Introduction
Esophageal squamous cell carcinoma (ESCC) is one of the most common clinical malignancies [
1]. There is an exceedingly high incidence of ESCC in Asian countries, especially in north and central China [
2]. ESCC is a highly aggressive disease, and the 5-year survival rate is approximately 15 % [
3]. Tumor metastasis plays an important role in the development of malignant tumors. Hence, identifying functional metastasis genes and their molecular mechanisms underlying the metastatic process remains a top priority in the cancer research field.

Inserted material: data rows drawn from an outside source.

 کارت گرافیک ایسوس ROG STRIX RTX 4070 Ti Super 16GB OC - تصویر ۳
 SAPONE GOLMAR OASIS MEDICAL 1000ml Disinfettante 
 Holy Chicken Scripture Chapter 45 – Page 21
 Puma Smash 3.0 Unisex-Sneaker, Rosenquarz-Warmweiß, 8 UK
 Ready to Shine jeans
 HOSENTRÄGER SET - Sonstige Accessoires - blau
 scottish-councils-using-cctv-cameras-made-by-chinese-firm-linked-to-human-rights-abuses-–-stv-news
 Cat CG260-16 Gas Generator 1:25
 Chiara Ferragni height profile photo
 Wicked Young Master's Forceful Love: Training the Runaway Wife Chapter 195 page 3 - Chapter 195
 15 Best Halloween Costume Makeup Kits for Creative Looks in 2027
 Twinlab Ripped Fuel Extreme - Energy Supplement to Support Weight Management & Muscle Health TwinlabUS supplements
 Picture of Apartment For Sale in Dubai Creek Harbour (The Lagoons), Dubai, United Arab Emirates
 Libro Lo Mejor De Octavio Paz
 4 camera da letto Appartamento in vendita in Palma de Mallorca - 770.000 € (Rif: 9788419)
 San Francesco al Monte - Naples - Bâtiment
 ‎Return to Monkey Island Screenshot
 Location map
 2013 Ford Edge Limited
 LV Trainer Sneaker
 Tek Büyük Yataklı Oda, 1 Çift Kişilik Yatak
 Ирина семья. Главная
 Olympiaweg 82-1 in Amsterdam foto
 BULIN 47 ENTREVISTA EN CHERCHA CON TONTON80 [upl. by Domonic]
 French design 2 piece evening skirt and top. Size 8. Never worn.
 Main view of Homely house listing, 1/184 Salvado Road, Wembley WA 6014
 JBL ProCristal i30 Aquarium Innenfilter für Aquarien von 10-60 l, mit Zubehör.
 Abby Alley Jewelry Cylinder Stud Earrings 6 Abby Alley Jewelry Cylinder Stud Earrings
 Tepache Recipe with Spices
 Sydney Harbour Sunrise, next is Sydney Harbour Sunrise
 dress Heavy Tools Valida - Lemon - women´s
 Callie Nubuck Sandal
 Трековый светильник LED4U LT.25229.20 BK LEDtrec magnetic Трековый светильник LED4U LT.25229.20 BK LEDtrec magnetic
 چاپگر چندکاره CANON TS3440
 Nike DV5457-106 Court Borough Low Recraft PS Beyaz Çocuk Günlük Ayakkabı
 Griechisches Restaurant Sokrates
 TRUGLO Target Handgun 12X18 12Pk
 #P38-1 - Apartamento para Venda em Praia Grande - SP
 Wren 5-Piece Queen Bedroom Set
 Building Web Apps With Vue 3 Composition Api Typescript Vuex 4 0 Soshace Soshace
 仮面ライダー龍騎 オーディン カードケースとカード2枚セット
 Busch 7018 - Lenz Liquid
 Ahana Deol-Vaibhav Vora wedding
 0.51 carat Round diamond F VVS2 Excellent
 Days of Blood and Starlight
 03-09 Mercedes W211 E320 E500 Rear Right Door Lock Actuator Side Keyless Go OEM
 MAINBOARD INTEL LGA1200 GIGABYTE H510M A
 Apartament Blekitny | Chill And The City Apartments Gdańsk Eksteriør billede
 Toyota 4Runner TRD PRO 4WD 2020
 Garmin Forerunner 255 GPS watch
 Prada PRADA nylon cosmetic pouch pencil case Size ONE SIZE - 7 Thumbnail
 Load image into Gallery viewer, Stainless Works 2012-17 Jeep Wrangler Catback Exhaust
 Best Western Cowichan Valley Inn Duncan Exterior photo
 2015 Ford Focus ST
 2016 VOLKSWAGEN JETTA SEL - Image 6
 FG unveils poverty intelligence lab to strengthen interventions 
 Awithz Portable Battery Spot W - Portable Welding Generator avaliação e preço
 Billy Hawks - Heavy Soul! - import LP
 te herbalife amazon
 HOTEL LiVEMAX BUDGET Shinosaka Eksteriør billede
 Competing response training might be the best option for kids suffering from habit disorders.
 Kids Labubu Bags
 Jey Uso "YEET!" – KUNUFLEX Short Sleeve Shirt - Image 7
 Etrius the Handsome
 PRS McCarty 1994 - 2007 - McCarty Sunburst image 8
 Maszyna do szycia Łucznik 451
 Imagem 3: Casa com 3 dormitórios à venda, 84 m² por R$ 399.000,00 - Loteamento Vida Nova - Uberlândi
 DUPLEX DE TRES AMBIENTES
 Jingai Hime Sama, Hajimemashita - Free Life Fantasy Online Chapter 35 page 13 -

Although 90 % of cancer deaths are caused by metastasis [
4], the mechanism of cancer metastasis remains poorly defined and knowledge of this process will provide great promise for cancer therapy. Studies have shown that the actin cytoskeleton plays an essential role in numerous aspects of cell biology such as cell adhesion, cell morphology, cytokinesis, and especially in migration [
5]. EHD2 (C-Terminal EH domain-containing protein 2) is a plasma membrane-associated member of the EHD family, which regulates internalization and is related to actin cytoskeleton. EHD2 was linked to the plasma membrane through actin filaments [
6]. There have been reports about EH protein found in tumor, such as acute myeloid leukemias [
7], but there is not any in-depth study of its mechanism. EHD2 plays a role in membrane reorganization in response to nucleotide hydrolysis which binds to liposomes and deforms them into tubules. Under-expression of EHD2 has been reported in malignant serous ovarian cancer samples as compared with primary cultures of normal ovarian surface epithelial samples [
8]. EHD2 has also been implicated as a tumor suppressor gene candidate mapping to a 1.6 Mb 19q region of deletion in glioma tumors [
9].
Abnormal expression of EHD2 is closely related to metastasis of carcinoma. We examined the EHD2 expression in ESCC and found that EHD2 played an important role in ESCC metastasis. Interference of EHD2 led to esophageal squamous cell carcinoma cells TE1 migration significantly. Cisplatin made the TE1 cells interfered of EHD2 which were harder to apoptosis than the normal TE1 cells. We can see that EHD2 has a low expression which leads to metastasis of ESCC.
Materials and methods
Tissue specimens and immunohistochemical analyses
A total of 98 ESCC specimens were retrieved from the archival files of the Department of Pathology, affiliated Hospital of Nantong University from 2005 to 2011. All human tissues were collected using protocols approved by the Ethics Committee of Nantong University Cancer Hospital. None of the patients was treated with such preoperative therapies as radiation, chemotherapy, or immunotherapy. Resected specimens were classified according to the International Union against Cancer TNM classification system [
10]. The clinical data were collected after patients gave informed consent. The study population consisted of 71 males and 27 females, and the age ranged from 31 to 85 years.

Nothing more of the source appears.